Aposto que Cavaco Silva aplaudiria; e que Francisco Louçã e Jerónimo de Sousa aplicariam um vigoroso veto político. Eles usariam todos os instrumentos legais, incluindo os da crise política, para evitar a aplicação de tal lei. Não poriam lá o seu nome.
E quanto aos outros dois candidatos? Não sei mesmo o que fariam. Quando muito, diria que Mário Soares, hoje, não cobriria o governo. Apesar de candidato oficial de José Sócrates, tem suficiente peso para decidir por si. Mas por Manuel Alegre não poria as mãos no fogo. Claro que a sua voz grossa se elevaria em defesa das liberdades. Mas… e na assinatura fatal? O critério de suposição só pode ser o seu comportamento passado e presente. Que os meus amigos que simpatizam, por boas razões, com a candidatura de Alegre me desculpem, mas ele votou no Parlamento todas as medidas propostas pelos governos socialistas. Sem excepção. Houve uma ocasião em que o seu voto poderia, até, ter dado outro destino a António Guterres – quando este preferiu o veneno de um queijo limiano, a depender de dois deputados do Bloco que exigiam, em contrapartida, o arranque da reforma fiscal. Se nesse momento Manuel Alegre tivesse falado, a sua voz teria sido decisiva. Mas ficou-se.

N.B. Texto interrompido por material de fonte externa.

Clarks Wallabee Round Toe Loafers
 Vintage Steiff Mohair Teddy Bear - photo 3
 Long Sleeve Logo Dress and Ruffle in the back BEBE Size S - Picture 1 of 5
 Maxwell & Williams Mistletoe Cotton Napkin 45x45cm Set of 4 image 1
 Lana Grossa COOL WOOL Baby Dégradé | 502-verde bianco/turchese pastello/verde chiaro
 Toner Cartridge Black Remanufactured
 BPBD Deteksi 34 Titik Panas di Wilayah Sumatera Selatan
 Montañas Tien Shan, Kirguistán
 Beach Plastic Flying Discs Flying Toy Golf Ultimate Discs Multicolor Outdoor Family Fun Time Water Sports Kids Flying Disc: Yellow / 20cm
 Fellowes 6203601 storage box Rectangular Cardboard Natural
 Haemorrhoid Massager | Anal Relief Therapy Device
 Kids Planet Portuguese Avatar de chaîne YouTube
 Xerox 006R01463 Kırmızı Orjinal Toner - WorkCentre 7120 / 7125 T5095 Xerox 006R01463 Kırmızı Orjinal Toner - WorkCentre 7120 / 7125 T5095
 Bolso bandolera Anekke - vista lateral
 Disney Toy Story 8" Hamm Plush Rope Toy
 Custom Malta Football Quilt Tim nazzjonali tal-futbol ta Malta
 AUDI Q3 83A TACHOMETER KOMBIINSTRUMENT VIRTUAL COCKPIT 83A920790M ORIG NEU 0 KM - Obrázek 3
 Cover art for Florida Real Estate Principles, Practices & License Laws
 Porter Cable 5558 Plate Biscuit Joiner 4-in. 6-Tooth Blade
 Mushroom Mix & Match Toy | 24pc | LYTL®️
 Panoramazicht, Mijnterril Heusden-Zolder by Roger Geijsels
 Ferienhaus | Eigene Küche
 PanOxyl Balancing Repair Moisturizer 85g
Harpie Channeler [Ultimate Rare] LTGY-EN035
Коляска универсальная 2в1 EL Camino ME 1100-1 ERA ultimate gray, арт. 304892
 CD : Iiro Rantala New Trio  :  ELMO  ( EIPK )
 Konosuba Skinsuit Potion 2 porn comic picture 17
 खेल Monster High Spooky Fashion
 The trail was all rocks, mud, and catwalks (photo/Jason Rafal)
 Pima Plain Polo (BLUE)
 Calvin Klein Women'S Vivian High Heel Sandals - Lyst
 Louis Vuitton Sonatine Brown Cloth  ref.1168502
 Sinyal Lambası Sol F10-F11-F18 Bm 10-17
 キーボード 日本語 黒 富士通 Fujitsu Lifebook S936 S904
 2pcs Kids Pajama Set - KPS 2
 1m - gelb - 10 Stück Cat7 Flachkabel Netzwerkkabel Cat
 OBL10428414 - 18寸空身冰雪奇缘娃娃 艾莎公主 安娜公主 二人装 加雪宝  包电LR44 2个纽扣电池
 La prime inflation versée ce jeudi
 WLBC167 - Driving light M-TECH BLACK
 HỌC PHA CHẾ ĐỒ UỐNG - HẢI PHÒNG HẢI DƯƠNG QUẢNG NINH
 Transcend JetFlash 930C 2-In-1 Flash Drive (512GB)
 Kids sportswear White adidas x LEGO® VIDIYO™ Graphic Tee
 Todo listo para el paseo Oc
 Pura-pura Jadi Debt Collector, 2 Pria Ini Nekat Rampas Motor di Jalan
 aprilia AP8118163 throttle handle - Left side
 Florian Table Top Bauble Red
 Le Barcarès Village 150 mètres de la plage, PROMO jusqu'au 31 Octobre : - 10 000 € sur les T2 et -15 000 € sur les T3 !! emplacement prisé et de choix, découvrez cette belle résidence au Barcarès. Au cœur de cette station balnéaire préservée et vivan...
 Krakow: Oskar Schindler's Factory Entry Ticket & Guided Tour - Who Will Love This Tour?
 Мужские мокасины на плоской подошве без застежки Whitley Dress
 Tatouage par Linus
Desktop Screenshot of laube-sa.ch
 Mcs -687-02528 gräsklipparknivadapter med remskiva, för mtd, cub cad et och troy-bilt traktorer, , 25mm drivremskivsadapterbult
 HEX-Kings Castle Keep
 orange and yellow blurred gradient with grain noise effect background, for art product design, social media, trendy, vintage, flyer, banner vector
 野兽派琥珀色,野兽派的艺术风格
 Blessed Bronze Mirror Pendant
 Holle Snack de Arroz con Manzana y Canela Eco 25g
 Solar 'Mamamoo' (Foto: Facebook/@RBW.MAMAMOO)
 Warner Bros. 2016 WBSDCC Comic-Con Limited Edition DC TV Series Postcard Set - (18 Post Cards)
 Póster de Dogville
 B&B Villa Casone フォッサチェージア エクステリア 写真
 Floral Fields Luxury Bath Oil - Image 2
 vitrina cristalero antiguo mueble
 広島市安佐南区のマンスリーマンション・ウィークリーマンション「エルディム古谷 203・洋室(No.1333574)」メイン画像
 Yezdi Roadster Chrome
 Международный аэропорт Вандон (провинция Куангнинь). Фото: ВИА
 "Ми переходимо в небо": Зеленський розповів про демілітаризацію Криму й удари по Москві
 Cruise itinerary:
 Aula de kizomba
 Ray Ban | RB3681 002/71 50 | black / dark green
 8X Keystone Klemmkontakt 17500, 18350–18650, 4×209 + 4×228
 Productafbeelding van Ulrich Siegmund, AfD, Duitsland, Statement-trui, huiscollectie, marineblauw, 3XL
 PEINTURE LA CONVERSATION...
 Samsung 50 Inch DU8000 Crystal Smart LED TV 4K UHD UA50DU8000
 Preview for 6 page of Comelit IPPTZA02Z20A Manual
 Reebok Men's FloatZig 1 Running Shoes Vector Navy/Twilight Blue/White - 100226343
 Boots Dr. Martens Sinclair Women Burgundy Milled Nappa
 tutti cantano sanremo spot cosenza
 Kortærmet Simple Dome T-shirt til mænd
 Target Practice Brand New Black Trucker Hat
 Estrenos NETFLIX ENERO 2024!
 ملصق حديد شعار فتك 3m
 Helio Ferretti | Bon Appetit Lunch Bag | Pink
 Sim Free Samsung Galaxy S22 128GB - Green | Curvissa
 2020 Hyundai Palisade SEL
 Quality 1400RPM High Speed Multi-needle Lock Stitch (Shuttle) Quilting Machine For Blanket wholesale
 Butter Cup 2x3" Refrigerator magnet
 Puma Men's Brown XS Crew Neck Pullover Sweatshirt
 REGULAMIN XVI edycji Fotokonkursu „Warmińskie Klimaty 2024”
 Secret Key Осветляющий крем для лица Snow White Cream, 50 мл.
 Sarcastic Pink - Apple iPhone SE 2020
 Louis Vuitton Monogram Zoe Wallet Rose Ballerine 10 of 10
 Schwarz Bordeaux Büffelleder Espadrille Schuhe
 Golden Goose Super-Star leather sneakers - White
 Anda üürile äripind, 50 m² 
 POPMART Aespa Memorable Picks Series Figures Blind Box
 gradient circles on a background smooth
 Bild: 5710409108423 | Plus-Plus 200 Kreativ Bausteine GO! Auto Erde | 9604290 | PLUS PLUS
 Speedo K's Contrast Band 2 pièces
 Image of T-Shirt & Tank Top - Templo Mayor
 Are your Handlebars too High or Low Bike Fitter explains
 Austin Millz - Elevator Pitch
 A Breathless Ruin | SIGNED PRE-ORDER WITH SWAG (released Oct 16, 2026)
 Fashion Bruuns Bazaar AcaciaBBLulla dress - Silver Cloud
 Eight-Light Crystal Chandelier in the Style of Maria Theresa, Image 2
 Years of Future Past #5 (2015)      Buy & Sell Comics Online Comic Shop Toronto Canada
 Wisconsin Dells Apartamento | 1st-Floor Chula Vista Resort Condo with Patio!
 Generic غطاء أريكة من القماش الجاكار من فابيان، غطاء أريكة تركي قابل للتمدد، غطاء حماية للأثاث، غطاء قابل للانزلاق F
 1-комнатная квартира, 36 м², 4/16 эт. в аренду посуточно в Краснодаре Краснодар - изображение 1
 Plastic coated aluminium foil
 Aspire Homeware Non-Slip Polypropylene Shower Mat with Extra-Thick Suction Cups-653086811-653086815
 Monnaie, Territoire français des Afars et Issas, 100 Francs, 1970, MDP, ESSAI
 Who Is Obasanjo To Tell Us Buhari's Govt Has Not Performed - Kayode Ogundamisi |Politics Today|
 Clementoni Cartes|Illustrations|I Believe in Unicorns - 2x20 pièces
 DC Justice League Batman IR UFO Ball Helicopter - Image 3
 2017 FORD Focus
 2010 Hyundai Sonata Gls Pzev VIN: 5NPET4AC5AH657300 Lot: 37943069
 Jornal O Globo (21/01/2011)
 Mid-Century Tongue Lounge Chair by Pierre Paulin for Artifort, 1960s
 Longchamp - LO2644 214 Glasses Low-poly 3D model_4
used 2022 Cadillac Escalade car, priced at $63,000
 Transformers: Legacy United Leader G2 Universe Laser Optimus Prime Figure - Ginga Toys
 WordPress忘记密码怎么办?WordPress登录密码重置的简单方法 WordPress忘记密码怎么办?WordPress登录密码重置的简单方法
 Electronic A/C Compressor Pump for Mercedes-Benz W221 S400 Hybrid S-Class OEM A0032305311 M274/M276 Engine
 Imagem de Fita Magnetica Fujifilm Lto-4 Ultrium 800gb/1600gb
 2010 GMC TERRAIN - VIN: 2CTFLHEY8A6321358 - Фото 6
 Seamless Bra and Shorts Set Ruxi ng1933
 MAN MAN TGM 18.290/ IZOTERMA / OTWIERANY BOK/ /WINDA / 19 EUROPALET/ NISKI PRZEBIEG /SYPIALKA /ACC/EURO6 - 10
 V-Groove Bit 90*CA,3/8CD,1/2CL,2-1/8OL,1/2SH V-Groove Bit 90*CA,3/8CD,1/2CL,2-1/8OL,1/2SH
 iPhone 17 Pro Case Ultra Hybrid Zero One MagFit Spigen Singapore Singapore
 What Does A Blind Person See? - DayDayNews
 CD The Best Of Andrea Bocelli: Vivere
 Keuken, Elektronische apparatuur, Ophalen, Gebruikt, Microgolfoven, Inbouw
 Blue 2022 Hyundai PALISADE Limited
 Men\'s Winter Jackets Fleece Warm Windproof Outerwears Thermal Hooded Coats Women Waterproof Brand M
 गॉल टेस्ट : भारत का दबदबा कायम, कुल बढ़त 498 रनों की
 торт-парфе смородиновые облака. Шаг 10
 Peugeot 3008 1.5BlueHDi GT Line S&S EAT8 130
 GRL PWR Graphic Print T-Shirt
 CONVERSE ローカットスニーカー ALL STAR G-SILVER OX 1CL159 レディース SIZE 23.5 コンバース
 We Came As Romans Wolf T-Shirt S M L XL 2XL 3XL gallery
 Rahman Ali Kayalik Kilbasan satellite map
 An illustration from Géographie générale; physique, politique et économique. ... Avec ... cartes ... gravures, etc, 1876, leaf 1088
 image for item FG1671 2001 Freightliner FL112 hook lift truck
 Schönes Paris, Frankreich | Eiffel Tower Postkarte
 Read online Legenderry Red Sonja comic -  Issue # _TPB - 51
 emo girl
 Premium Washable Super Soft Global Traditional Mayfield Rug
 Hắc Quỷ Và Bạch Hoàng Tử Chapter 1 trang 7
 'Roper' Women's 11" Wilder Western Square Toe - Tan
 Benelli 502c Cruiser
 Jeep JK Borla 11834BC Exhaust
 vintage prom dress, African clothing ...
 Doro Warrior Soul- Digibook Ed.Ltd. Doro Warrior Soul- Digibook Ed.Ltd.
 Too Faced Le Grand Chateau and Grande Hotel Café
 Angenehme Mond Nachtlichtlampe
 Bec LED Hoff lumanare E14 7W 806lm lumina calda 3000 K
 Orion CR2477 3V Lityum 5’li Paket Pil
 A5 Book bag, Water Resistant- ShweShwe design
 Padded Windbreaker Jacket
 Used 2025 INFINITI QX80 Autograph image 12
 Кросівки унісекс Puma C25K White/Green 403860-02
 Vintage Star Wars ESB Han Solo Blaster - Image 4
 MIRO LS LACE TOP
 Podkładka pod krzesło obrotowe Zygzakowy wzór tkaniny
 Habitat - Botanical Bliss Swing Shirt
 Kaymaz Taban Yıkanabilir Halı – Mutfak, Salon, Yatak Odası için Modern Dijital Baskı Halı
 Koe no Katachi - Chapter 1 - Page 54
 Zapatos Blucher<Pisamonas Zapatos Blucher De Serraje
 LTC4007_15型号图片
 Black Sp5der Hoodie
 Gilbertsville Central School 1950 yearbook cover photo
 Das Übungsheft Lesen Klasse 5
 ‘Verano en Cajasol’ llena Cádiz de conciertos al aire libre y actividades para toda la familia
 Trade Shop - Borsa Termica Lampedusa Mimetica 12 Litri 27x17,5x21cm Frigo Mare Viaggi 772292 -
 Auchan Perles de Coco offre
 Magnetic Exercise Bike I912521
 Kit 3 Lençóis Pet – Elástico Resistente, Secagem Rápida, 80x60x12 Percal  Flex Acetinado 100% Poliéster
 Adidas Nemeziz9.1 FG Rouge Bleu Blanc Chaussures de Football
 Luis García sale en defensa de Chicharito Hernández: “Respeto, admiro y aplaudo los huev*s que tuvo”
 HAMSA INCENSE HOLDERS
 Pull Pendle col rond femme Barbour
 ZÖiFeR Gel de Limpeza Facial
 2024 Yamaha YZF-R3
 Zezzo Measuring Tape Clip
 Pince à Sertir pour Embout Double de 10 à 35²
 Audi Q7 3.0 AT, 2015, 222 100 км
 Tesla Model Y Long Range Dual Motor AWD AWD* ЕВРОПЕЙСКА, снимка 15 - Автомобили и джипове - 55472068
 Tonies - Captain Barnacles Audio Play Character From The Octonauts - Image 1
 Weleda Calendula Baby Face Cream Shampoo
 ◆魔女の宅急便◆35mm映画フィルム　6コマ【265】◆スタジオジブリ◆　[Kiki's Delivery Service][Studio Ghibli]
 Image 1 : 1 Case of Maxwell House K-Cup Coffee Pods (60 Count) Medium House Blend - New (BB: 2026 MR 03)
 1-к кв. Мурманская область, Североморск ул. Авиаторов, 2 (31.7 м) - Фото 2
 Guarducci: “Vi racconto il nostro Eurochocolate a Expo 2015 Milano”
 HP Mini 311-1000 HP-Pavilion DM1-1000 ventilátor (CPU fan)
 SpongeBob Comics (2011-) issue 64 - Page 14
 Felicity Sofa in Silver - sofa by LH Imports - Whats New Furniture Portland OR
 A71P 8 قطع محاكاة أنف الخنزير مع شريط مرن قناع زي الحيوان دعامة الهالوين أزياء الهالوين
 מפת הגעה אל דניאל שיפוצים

O mesmo se voltou a passar agora no Orçamento de Estado. Alegre estava na Assembleia e, no entanto, faltou à votação “por ser candidato”. E logo acrescentou aos jornalistas que, se dependesse de si, lá estaria para votar o Orçamento do governo. Não há razões para suspeitar que assim não fosse. E que em Belém faria o que sempre fez. Diria poeticamente que há mais vida para além do défice… e depois daria cobertura ao orçamento que coloca a vida a toque de caixa do défice.
Talvez com a lei de Blair fosse diferente. Talvez. Mas quem garante?
Manuel Alegre é o dirigente do PS que melhor ilustra a encruzilhada em que os socialistas por cá, e um pouco por todo, o Mundo se encontram. A diferença é que lá por fora, as coisas mexem. Oskar Lafontaine, dirigente histórico da esquerda da social democracia alemã, demitiu-se de ministro das Finanças quando percebeu que não tinha margem para as políticas da social-democracia dos bons velhos tempos. E agora disse adeus ao seu partido de sempre, para dar rosto ao primeiro partido de esquerda alternativa que a Alemanha tem em muitas décadas.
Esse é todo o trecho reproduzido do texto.